But there's a difference between knowing the technical side of HTML + CSS +
JavaScript (which I certainly do) and being able to make a nice-looking
interface that takes into account all sorts of browser issues and limitations.

The fact that most designers I've met in Israel wash their hands 100% from
anything Web oriented, saying that they're responsible for making PSDs and
that the rest is for the programmers to handle, seems very weird to me.

That said, an experienced front-end developer is always welcome on a project,
and can certainly help to bridge this gap. But I really wouldn't want a front-
end developer to be wasting their time making the initial HTML and CSS from
PSDs. Rather, I would want them to tweak, change, and improve what the
designer did, and then make a good in-browser experience that communicates
with the server.

------
manuscreationis
Are you crazy?

No

Should anyone doing design for the web (in all it's flavors) be familiar with
HTML and CSS?

Yes

Yes

Yes

Even if they're not wizards with it, they should have a core understanding of
the medium, it's limitations, and how to work within them on a basic level.

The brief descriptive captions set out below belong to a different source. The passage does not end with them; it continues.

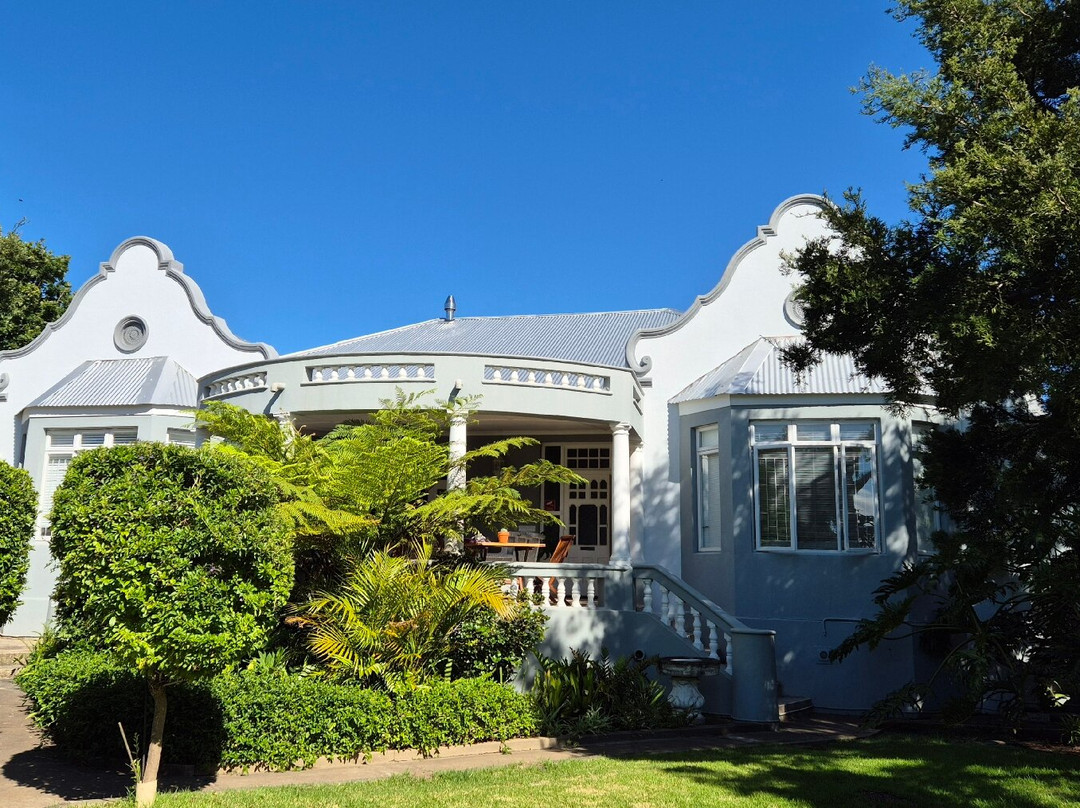 6 on Kloof Guest House主图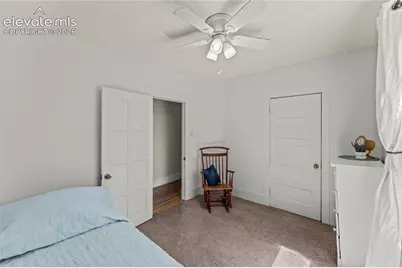 814 E Yampa Street, Colorado Springs, CO 80903 - Photo 18
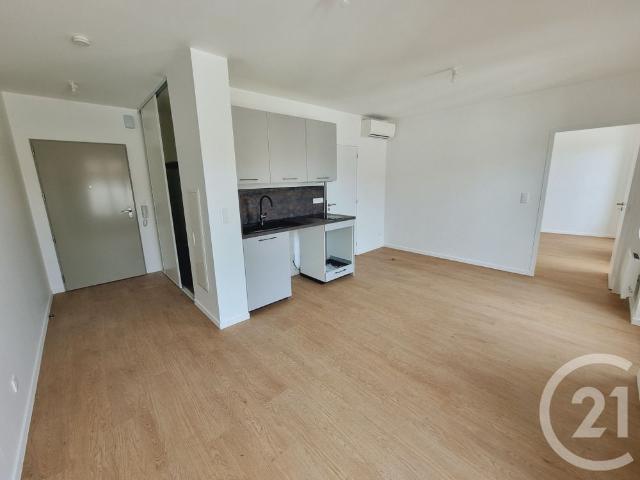 Location Appartement 2 pièces 41m² GAILLAC 81600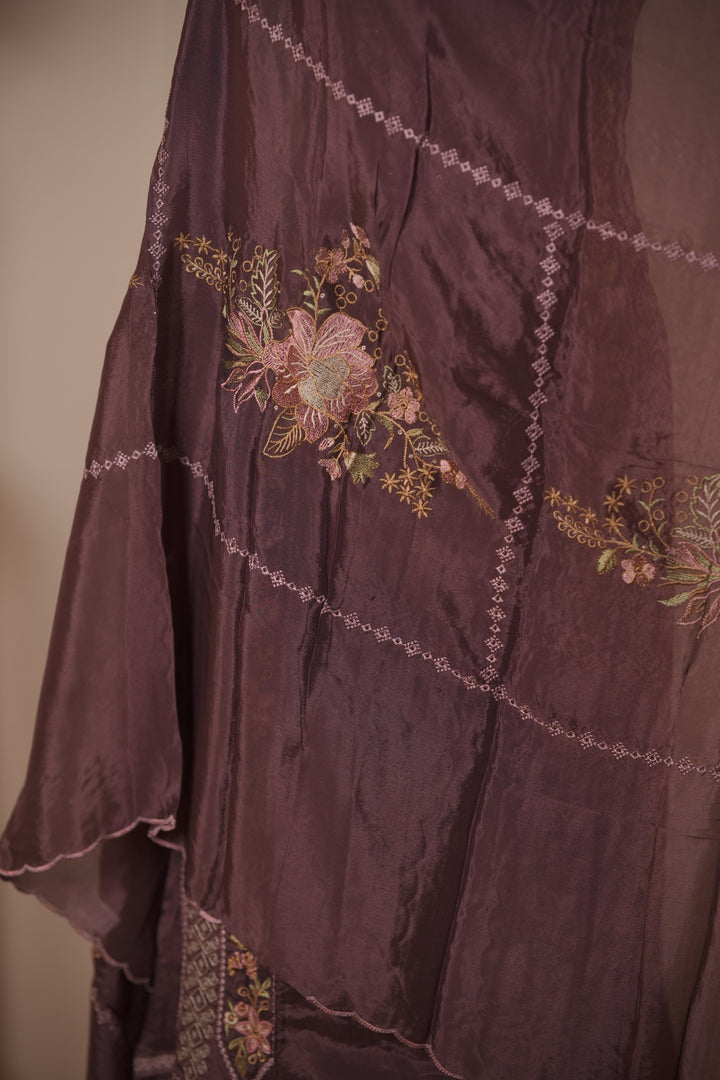 Chinnon Salwar TSS01740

Javascript, maybe not so much - understand what it is, why it's needed, and
where it should be applied, but it shouldn't be "required" so long as they
have a developer on the team who can work with them to implement javascript /
"ajax" functionality into their design properly.

------
venturebros
I would expect a designer to know just enough to design for the web but
shouldn't go full blown into what is absolute and relative,how to get to get a
container to stretch with floating divs inside, what a variable is, or an if
else statement.

People really should stick to what they are good at and stop being jack of all
trades. There are way too many people claiming to be deselopers out there and
I have only seen a handful that are decent.

------
pawelwentpawel
I've seen some situations where "web designers" without any knowledge of
html/css were producing designs that look more like they are for print, not
for web.

If you want to make the workflow smooth and productive, the designs need to be
realistic and properly layered so the web dev can do the work better and
faster. I don't really see that happening in a situation when the designer has
completely no clue about html/css.

------
klaut
my answer: yes yes yes, a million times yes. I found this article to be spot
on and completely agree with everything the author says:
<http://andyrutledge.com/web-design-is-product-design.php>

------
rick888
I'm a developer and while I do know CSS and html, I'm not a designer. I've cut
up Photoshop templates in the past, but I usually leave it up to a designer.

Designers need to know at least some CSS or html. If not, then they are just
graphic designers, not web designers.

------
wavephorm
A web designer who can't make a web page is just a designer.